### MATERIAL PROVIDED
^^^^

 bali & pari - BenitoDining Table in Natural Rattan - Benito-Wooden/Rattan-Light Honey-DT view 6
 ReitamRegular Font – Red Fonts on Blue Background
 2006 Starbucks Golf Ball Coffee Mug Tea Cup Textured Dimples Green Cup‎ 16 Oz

^^^^

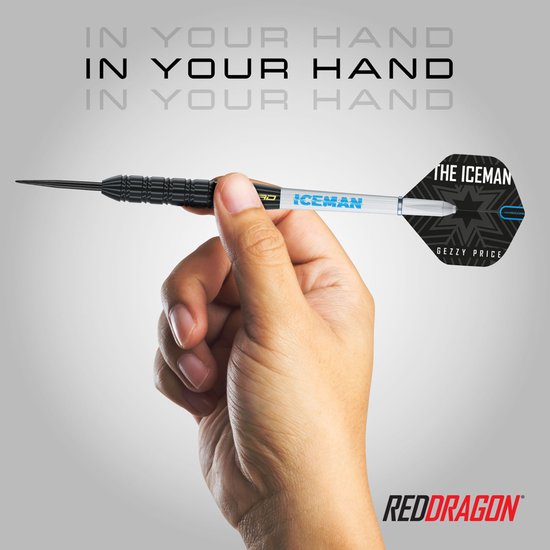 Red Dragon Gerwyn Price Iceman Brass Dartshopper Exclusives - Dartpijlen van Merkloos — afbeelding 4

^^^^

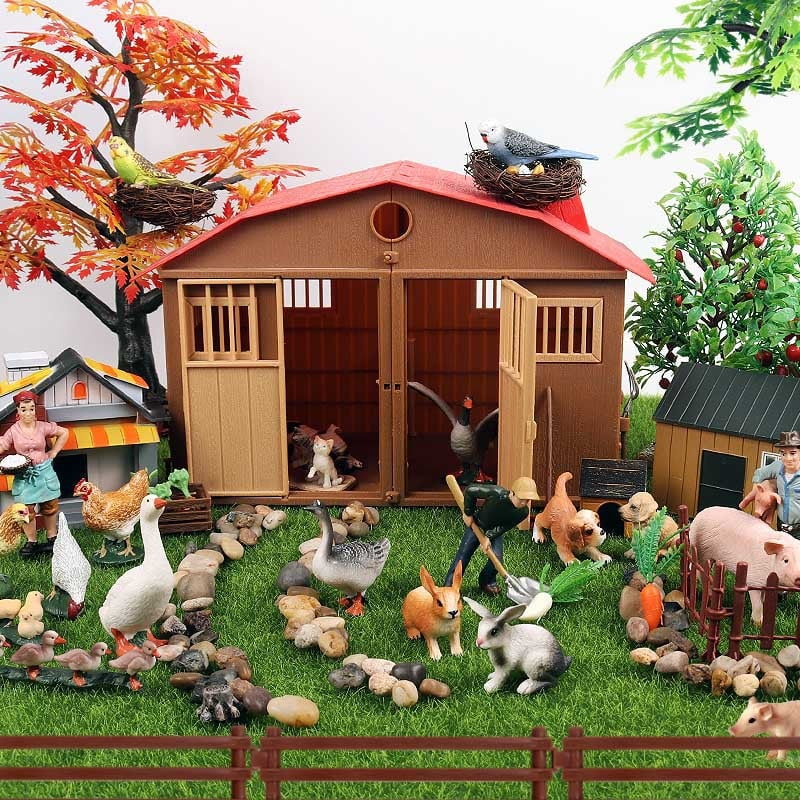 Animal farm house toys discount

^^^^

### WHAT YOU WILL DO
Your answer should consist only of the lines above between the line holding "ReitamRegular Font –" and the line holding "2006 Starbucks Golf", inclusive, each transcribed exactly.

### TASK ANSWER
 ReitamRegular Font – Red Fonts on Blue Background
 2006 Starbucks Golf Ball Coffee Mug Tea Cup Textured Dimples Green Cup‎ 16 Oz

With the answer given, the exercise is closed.